DATA EXTRACTS

=====

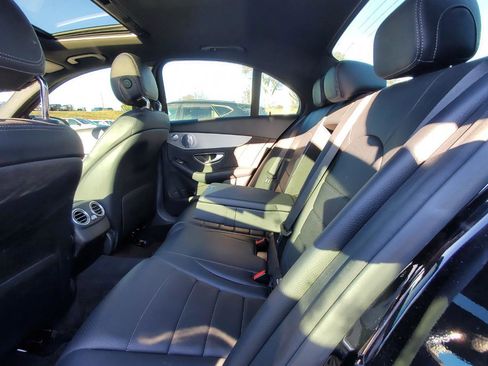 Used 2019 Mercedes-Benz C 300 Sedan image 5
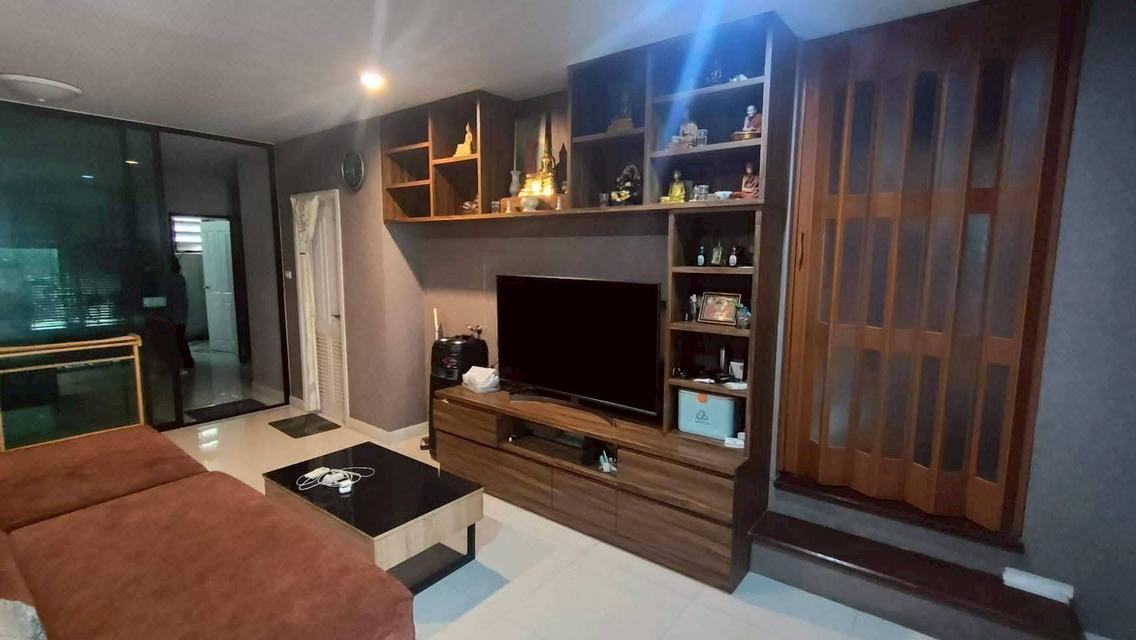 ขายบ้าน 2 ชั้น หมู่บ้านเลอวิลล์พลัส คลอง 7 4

=====

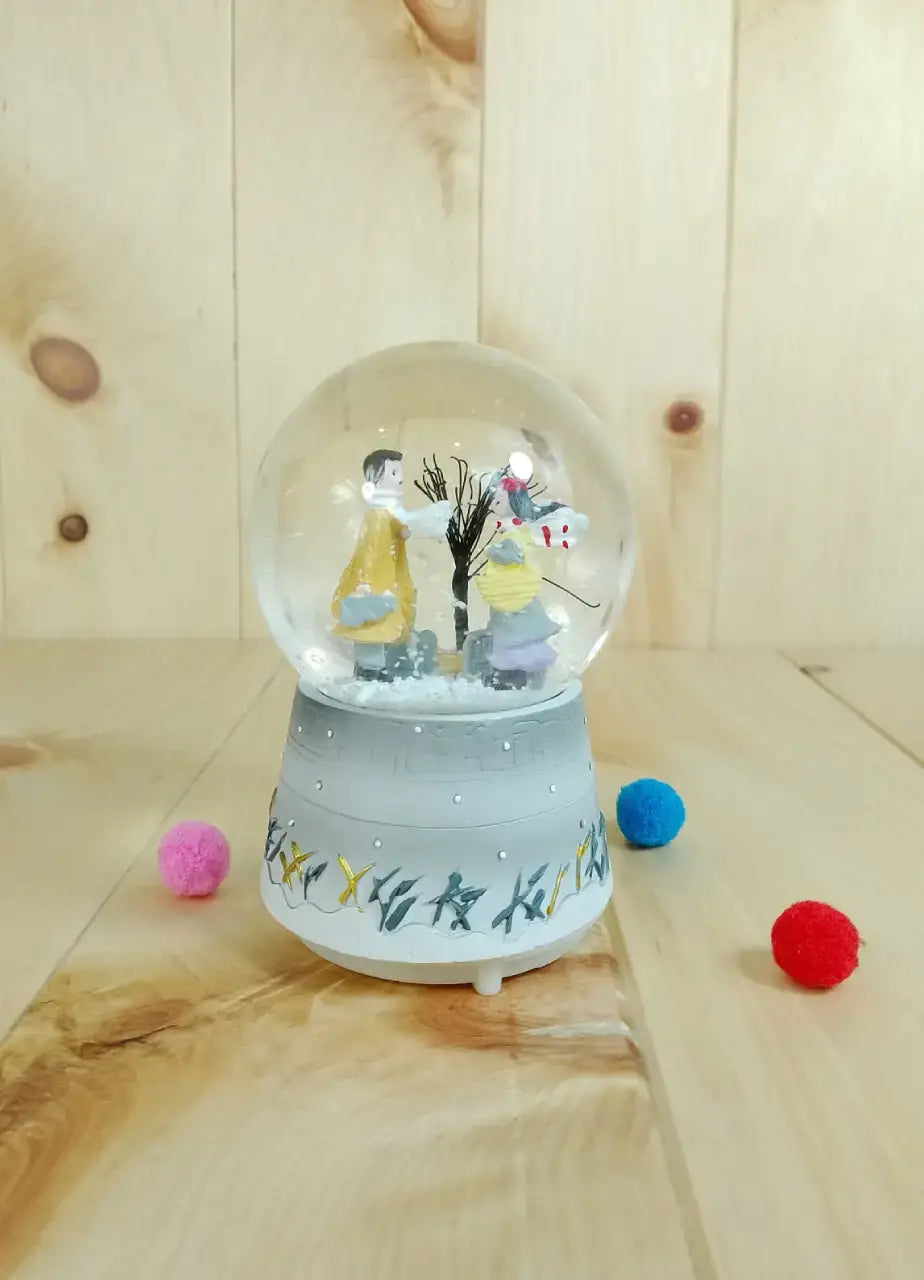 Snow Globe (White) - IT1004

=====

WORK REQUIRED
Please set down, exactly and with no pictures, the lines in the entries above starting at the one holding "Used 2019 Mercedes-Benz C 300 Sedan image 5" and ending at the one holding "ขายบ้าน 2 ชั้น หมู่บ้านเลอวิลล์พลัส คลอง 7 4", ends included.

OUTPUT FOR THIS EXERCISE
 Used 2019 Mercedes-Benz C 300 Sedan image 5
 ขายบ้าน 2 ชั้น หมู่บ้านเลอวิลล์พลัส คลอง 7 4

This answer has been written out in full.